Dataset content:
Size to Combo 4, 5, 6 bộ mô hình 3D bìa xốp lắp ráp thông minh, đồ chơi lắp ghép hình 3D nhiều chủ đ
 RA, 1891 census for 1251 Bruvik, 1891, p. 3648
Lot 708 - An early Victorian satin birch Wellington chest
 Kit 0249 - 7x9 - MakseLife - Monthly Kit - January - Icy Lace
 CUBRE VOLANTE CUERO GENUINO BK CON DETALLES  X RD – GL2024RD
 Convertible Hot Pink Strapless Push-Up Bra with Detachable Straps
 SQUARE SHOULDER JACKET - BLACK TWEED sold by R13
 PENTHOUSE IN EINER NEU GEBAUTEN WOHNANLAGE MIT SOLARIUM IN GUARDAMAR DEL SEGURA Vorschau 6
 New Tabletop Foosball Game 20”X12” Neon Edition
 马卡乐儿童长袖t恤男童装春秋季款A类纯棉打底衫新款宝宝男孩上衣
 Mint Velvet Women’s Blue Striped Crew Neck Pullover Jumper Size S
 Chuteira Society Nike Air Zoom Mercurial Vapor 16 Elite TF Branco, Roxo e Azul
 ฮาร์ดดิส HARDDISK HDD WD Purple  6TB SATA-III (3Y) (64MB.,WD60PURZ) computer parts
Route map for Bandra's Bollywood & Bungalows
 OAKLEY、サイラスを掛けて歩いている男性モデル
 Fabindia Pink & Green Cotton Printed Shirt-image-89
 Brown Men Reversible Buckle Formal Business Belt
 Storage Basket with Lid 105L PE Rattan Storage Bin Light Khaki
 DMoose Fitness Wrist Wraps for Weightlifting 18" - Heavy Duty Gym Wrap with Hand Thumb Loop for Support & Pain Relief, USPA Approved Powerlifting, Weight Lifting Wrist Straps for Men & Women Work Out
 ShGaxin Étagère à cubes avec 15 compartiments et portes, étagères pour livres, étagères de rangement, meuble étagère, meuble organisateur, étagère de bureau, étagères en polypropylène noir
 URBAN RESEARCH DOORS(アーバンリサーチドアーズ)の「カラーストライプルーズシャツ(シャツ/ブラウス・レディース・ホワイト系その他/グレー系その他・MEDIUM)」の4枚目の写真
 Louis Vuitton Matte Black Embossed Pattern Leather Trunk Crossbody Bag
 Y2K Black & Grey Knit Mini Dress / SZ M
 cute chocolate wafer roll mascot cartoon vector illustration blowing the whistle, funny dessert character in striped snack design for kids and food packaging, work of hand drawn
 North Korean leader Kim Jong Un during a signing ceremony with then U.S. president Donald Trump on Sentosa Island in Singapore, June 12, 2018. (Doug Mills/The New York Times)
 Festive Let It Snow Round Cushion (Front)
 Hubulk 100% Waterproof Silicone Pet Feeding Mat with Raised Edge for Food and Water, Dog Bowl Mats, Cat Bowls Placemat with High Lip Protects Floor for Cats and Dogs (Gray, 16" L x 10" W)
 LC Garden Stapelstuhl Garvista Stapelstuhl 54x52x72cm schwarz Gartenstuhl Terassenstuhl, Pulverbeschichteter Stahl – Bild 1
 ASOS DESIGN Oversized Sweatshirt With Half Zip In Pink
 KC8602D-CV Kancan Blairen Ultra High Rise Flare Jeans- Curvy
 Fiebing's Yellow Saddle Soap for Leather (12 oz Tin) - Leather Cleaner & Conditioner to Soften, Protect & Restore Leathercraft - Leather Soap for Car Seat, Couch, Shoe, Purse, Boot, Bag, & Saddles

Exercise aim: Each line from the top of the entries above through the line containing "cute chocolate wafer" must be transcribed exactly, and no other line may appear.

Result of this task:
Size to Combo 4, 5, 6 bộ mô hình 3D bìa xốp lắp ráp thông minh, đồ chơi lắp ghép hình 3D nhiều chủ đ
 RA, 1891 census for 1251 Bruvik, 1891, p. 3648
Lot 708 - An early Victorian satin birch Wellington chest
 Kit 0249 - 7x9 - MakseLife - Monthly Kit - January - Icy Lace
 CUBRE VOLANTE CUERO GENUINO BK CON DETALLES  X RD – GL2024RD
 Convertible Hot Pink Strapless Push-Up Bra with Detachable Straps
 SQUARE SHOULDER JACKET - BLACK TWEED sold by R13
 PENTHOUSE IN EINER NEU GEBAUTEN WOHNANLAGE MIT SOLARIUM IN GUARDAMAR DEL SEGURA Vorschau 6
 New Tabletop Foosball Game 20”X12” Neon Edition
 马卡乐儿童长袖t恤男童装春秋季款A类纯棉打底衫新款宝宝男孩上衣
 Mint Velvet Women’s Blue Striped Crew Neck Pullover Jumper Size S
 Chuteira Society Nike Air Zoom Mercurial Vapor 16 Elite TF Branco, Roxo e Azul
 ฮาร์ดดิส HARDDISK HDD WD Purple  6TB SATA-III (3Y) (64MB.,WD60PURZ) computer parts
Route map for Bandra's Bollywood & Bungalows
 OAKLEY、サイラスを掛けて歩いている男性モデル
 Fabindia Pink & Green Cotton Printed Shirt-image-89
 Brown Men Reversible Buckle Formal Business Belt
 Storage Basket with Lid 105L PE Rattan Storage Bin Light Khaki
 DMoose Fitness Wrist Wraps for Weightlifting 18" - Heavy Duty Gym Wrap with Hand Thumb Loop for Support & Pain Relief, USPA Approved Powerlifting, Weight Lifting Wrist Straps for Men & Women Work Out
 ShGaxin Étagère à cubes avec 15 compartiments et portes, étagères pour livres, étagères de rangement, meuble étagère, meuble organisateur, étagère de bureau, étagères en polypropylène noir
 URBAN RESEARCH DOORS(アーバンリサーチドアーズ)の「カラーストライプルーズシャツ(シャツ/ブラウス・レディース・ホワイト系その他/グレー系その他・MEDIUM)」の4枚目の写真
 Louis Vuitton Matte Black Embossed Pattern Leather Trunk Crossbody Bag
 Y2K Black & Grey Knit Mini Dress / SZ M
 cute chocolate wafer roll mascot cartoon vector illustration blowing the whistle, funny dessert character in striped snack design for kids and food packaging, work of hand drawn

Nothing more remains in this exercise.